Sounds interesting. Can you give the full log? A photo of the screen is good
enough.
Created attachment 8612 [details]
screen0 on wake on lan event
on receiving wake on LAN magic packet:
screen0 show up
after a while(about 5 seconds)
screen2 show up
after about 1 minute
screen3 show up(keep printing the messages)
On power button
screen-powerbutton show up
then after about 5 second, system is back to normal.

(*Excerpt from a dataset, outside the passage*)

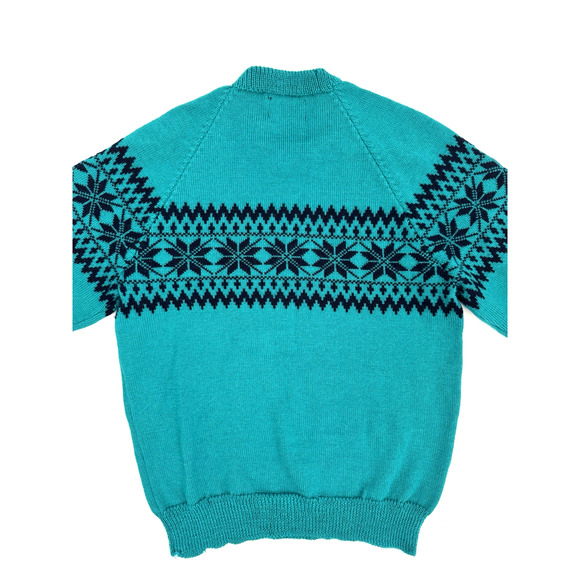 Moriarty Ski Sweater M Turquoise Blue Wool Handmade Vermont Snowflakes Fair Isle - Picture 3 of 9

Created attachment 8613 [details]
screen1 on wake on lan event
Created attachment 8614 [details]
screen2 on wake on lan event
Created attachment 8615 [details]
screen on power button event
2.6.18-rc2 fixed the 'wrong open interrupt' bug, which should fix the softlockup issue. For the GPE 0xB issue, I guess 2.6.18-rc2 also could fix it. Can you try 2.6.18-rc2? I just tried 2.6.18-rc2. this time, on receiving the magic packet, the only message show up on screen is: inu and the machine is dead. Wake on power button and keyboard works fine as previous version. >inu
This means CPU already goes into protected mode.
Can you change printk level and retry? There might be other info hidden.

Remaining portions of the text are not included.